Task prompt ->
From the line containing "Fotografía promocional de" to the end of the records, print every line exactly, both ends included, and leave out the pictures.

Start of Dataset content

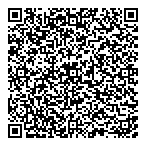 QR код "Строим дом"
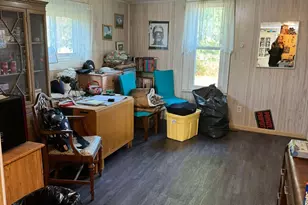 524 S Cherry St, Evart, MI 49631 - Photo 54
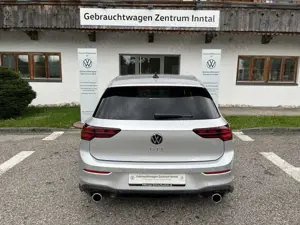 Volkswagen Golf Bild 4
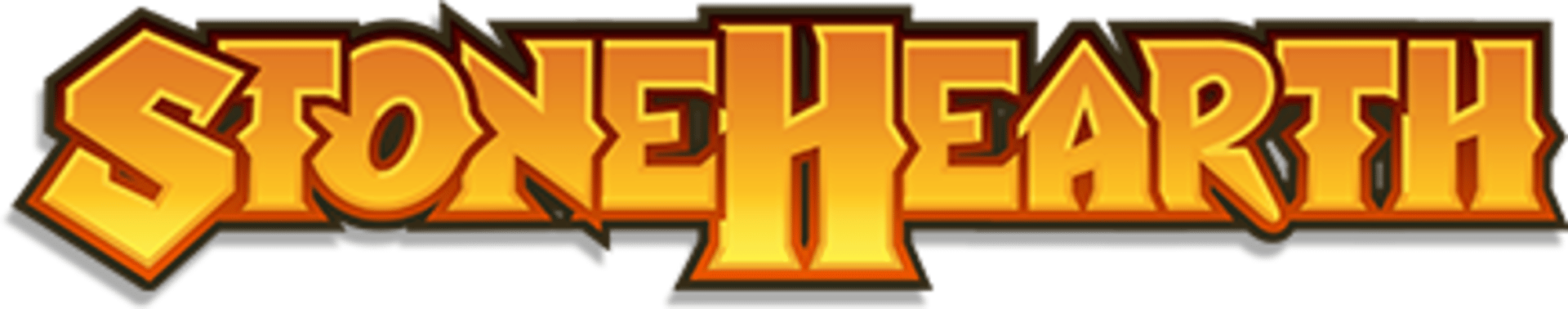 Stonehearth artwork 1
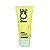Kit Refil My Hair Shampoo 250ml+Máscara 50ml Tame Ice Professional - Imagem 3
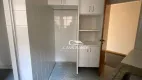 Foto 13 de Apartamento com 2 Quartos para alugar, 106m² em Bigorrilho, Curitiba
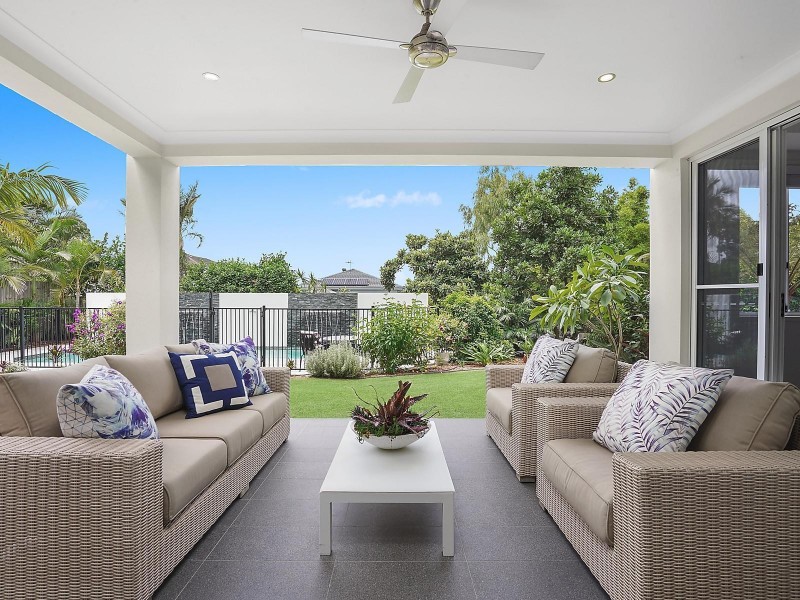 22 Kapunda Street, Toowong QLD 4066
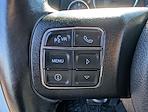 2018 Jeep Wrangler 4WD SUV for sale #CUN0698 - photo 28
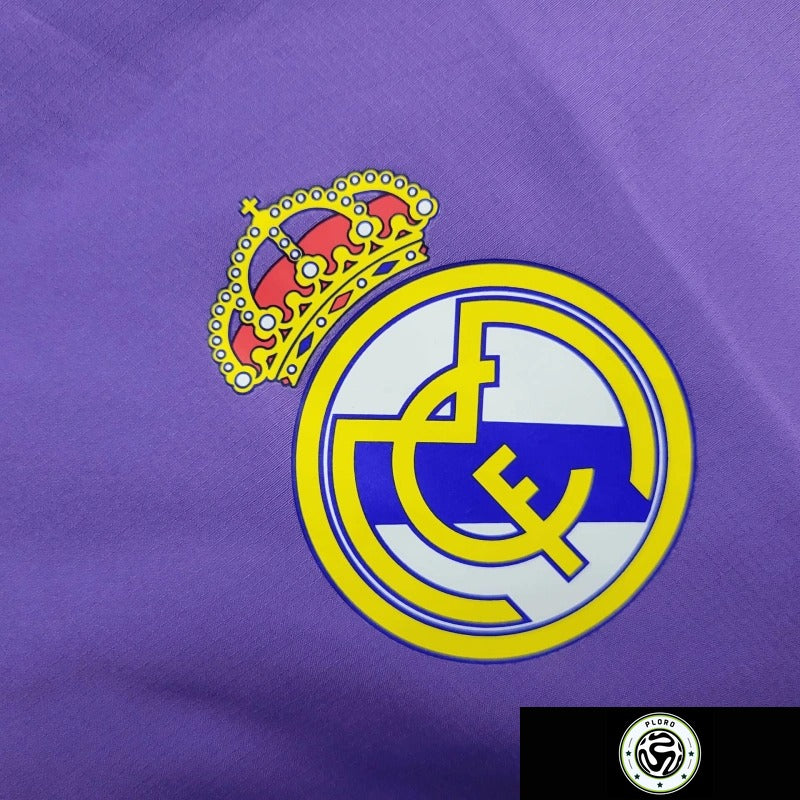 6ce1cb8b9011d53f.png.jpg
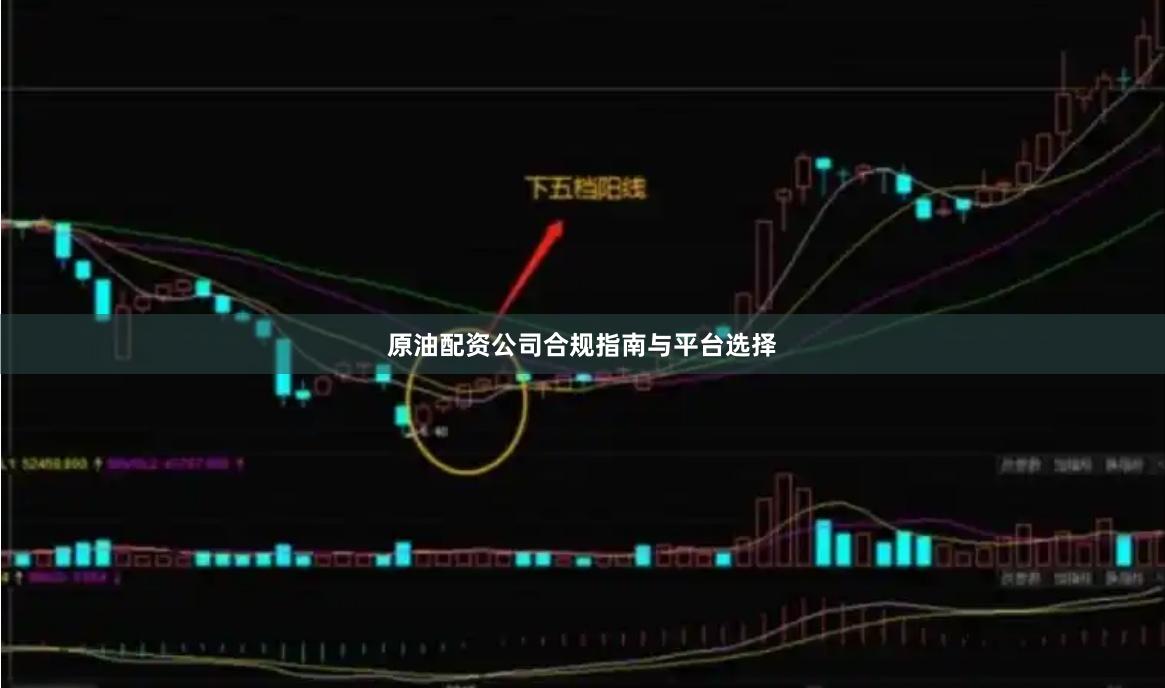 原油配资公司合规指南与平台选择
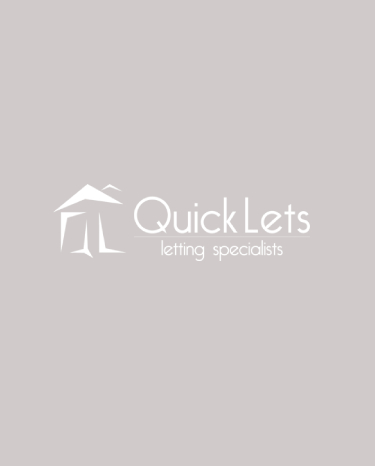 Property in Mosta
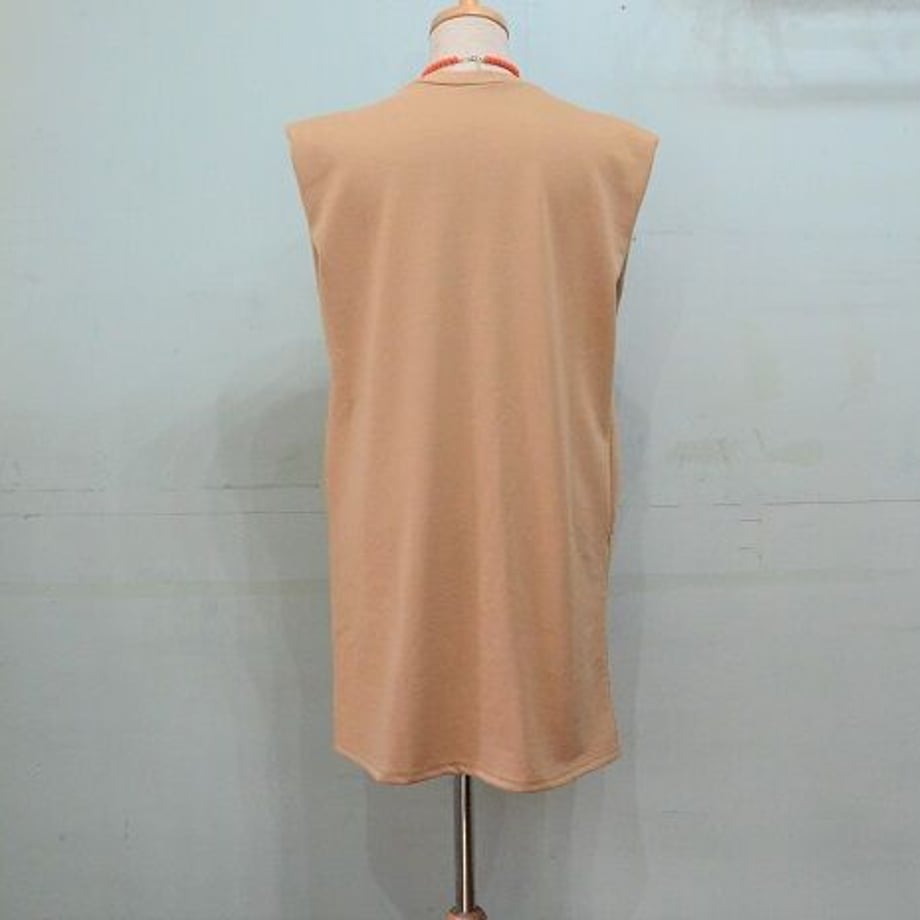 624fd297a102754cf63de479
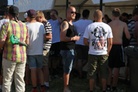 Jelling-Musikfestival-2012-Festival-Life-Anamarija- 8786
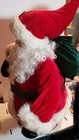 Bild 6 von 16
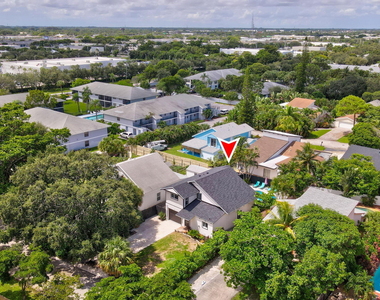 2541 Southridge Road - Photo Thumbnail 58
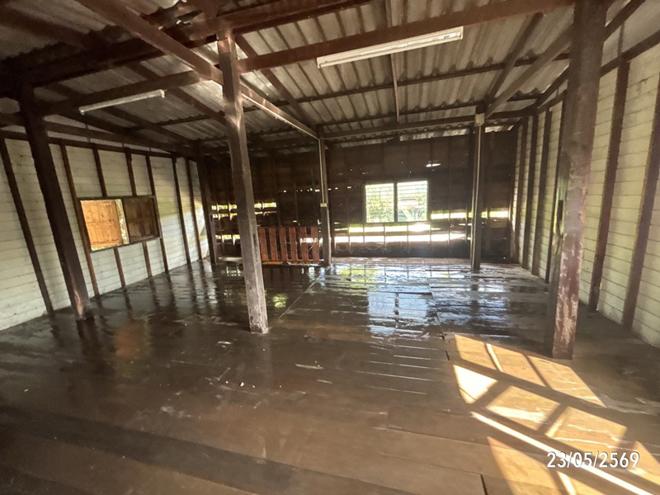 รูป บ้านเดี่ยว 207 ตร.วา โนนสูง นครราชสีมา 1.5M - รูปที่ 10/44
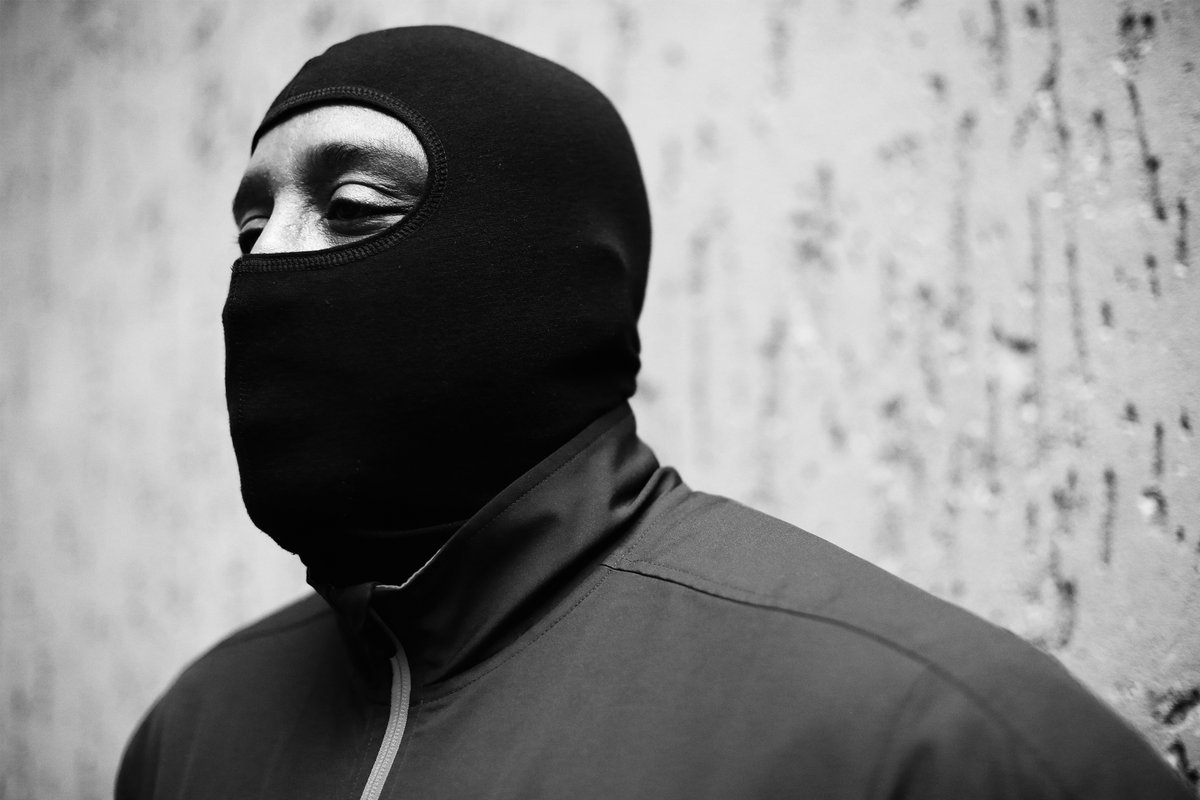 Fotografía promocional de Concierto de DJ Stingray 313 en Atlanta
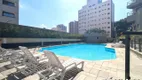 Foto 19 de Flat com 1 Quarto para alugar, 36m² em Centro, São José dos Campos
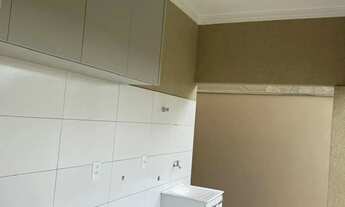 Imagem 7: VENDE-SE NO BAIRRO MIRAVISTA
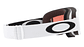 Oakley Fall Line Youth Prizm (niños) OO7095-34  - Miniatura 8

End of Dataset content

Response area ->
 Fotografía promocional de Concierto de DJ Stingray 313 en Atlanta
 Foto 19 de Flat com 1 Quarto para alugar, 36m² em Centro, São José dos Campos
 Imagem 7: VENDE-SE NO BAIRRO MIRAVISTA
 Oakley Fall Line Youth Prizm (niños) OO7095-34  - Miniatura 8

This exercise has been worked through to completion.